Monday, July 13, 2009

AND NOW FOR SOMETHING COMPLETELY DIFFERENT: MY VERY FIRST GUEST BLOGGER!


I present to you my favorite daughter, the amazing Alexis - who claims not to understand why people are always telling her she looks like me - and who also happens to have been the most recent winner in our book give-away. All that talk about food got her to thinkin':

A Possible Solution to a Catch 22

I was lying in bed this morning, not wanting to get up, when I started thinking about what my mom wrote about in her blog about Food, Inc., and gardening more. Problem is, low income families can't afford nutritious wholesome foods, and are forced to settle for junk. This junk makes them sick with heart disease and diabetes which require treatment with expensive medications and testing equipment. If they want to get better they need healthy food, which they can't afford. If these families don't have enough money to buy a little produce, they certainly don't have the capital needed to start a garden, assuming they are lucky enough to live in a house with a back yard to garden in. Anybody who lives in an apartment knows that landlords get pretty angry if you try to dig up their flower beds to plant a few vegetables.

After stewing over this for a while I started thinking about how those who do have a victory garden often end up with too much produce, and are often giving it away so it doesn't go to waste. A "what if " occurred to me.

Victory gardeners are fairly well organized with groups all over the country. All you have to do is type Victory Garden, (insert your city here) into Google and you will end up with a list of various groups and forums specific to your area. What if they partnered with their local school districts, churches or some other non-profit like Goodwill to start an Adopt-a-Family program?

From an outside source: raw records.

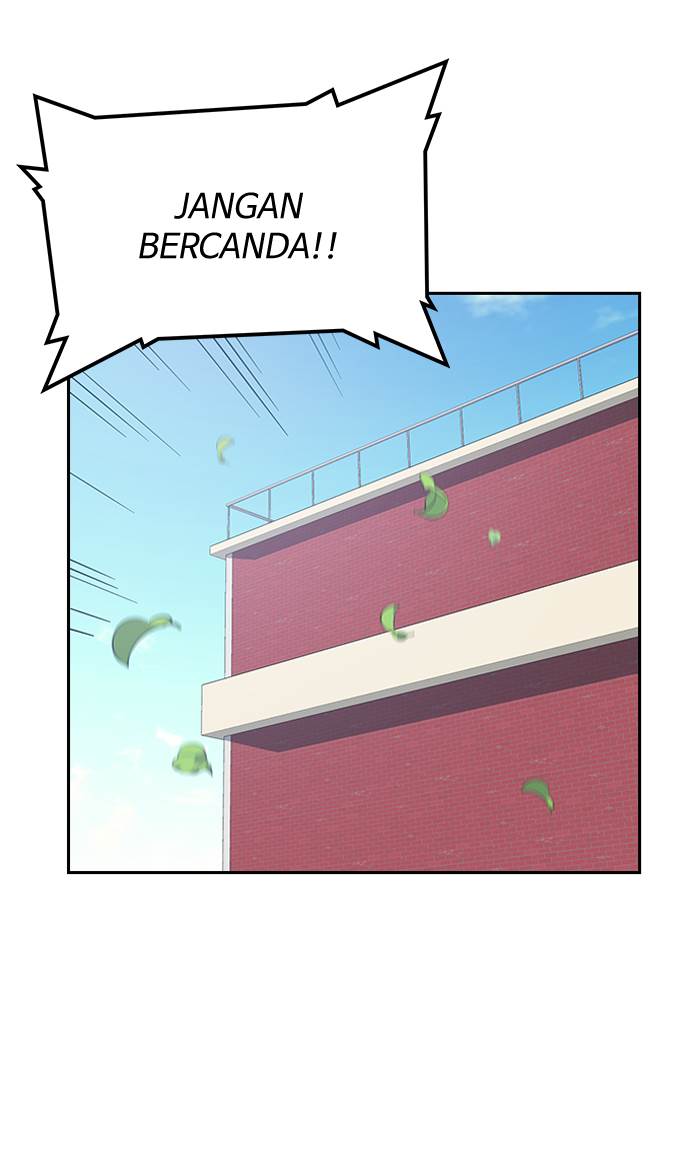 Study Group Chap 3 - Next Chap 4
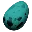 Bronto Egg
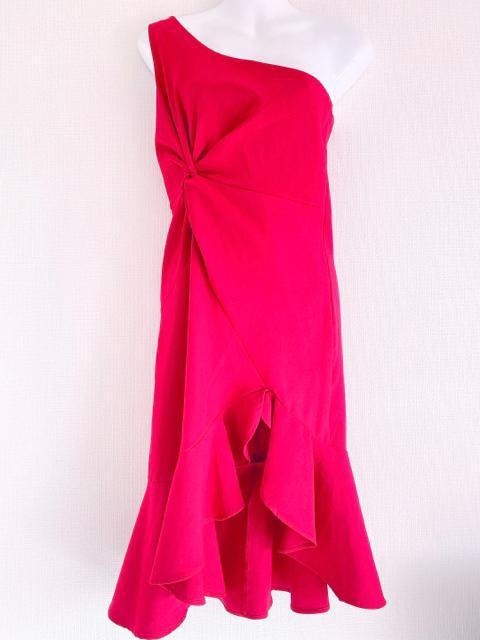 V_[CbhttA}[Ch~fBAOhXXbg[g  t@bV 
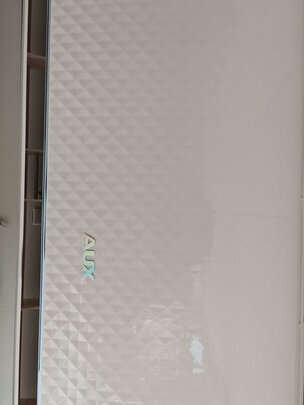 奥克斯KFR-35GW/BpR3TYZ1(B1)|奥克斯京福和京裕哪个好?告诉大家真相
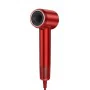 Sèche-cheveux Laifen Swift Rouge 1400 W 1600 W de Laifen, Sèche-cheveux et diffuseurs sèche-cheveux - Réf : S9136561, Prix : ...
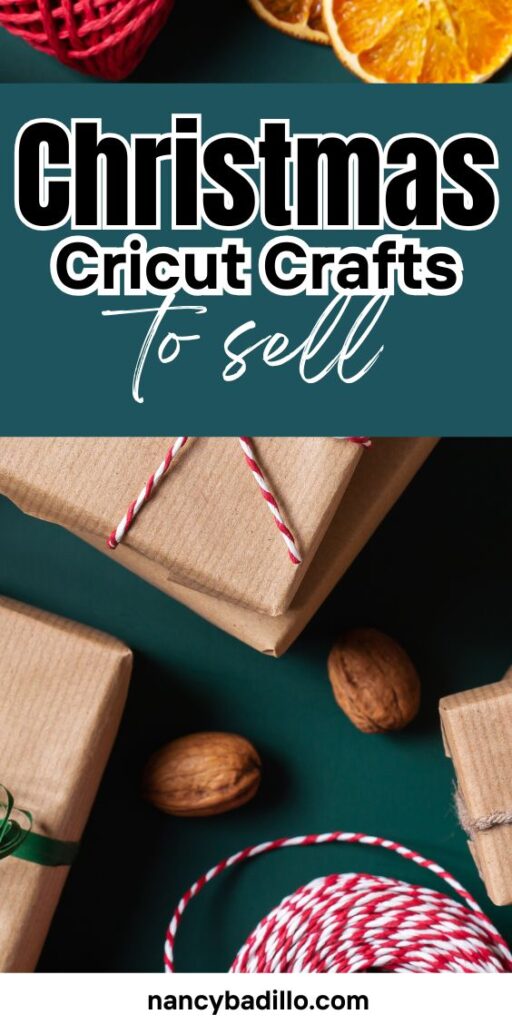 christmas-cricut-crafts-to-sell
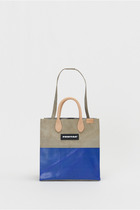 FREITAG by Hender Scheme / HS SONNY 詳細画像
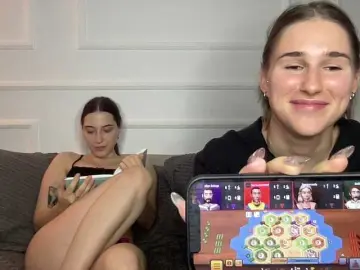 Bongacams Free Live Porn of yoursweettreats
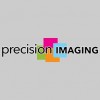 Precision Imaging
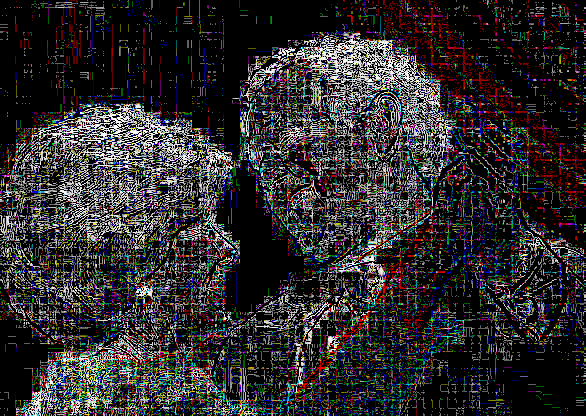 Donna_In_Heaven's tweet photo. Not sure how many #PhonyPhotos the #MediaCabal passes off as photos of government leadership people need to see to #ProcessReality It is a #PhonyGovernment These examples are clear and no skill required to see computer creatED. The government is a #BadMovie 3 of 4 #Graphics https://t.co/Jq9gSN5vZk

Each gardener, instead of handing out their spare produce sporadically to different people, could adopt an individual low income family and give all their spare produce to that family. That way this family now has access to nutritious foods to feed their children, while freeing up some of their income to help them get ahead and pry themselves out of the loop that they are stuck in. In return the families can perform community services, or possibly the kids of said family could help out in the garden, giving the gardener free labor, while the kids also learn about nutrition and how to grow their own food, so that they may provide good foods for their families in the future.

What do you think?

2 comments:

musingegret said...

I think Lex has a fabulous idea and there are so many different ways to run with this! Some churches have Adopt-a-Family lists already established for sharing assistance at Christmas. This could expand to dual season relationships with the same families. Does Bountiful Sprout have any sort of surplus-donation program established with the various producers? Or do the producers individually handle their own surplus?

I've been thinking about Adopting-a-Restaurant here on the south side to donate my increasingly prolific sweet basil! LOL

Hill Country Hippie said...

Well, that's the good thing about Bountiful Sprout - the farmers know ahead of time precisely what they have sold, so they pick that exact amount and deliver it for pick up. Much better than at the farmers' market, where they have to pick ahead of time, and just guestimate how many people are going to show up on any given day, and what they will be in the mood to buy. Wonder what farmers' market vendors do with their leftover stuff at the end of the day?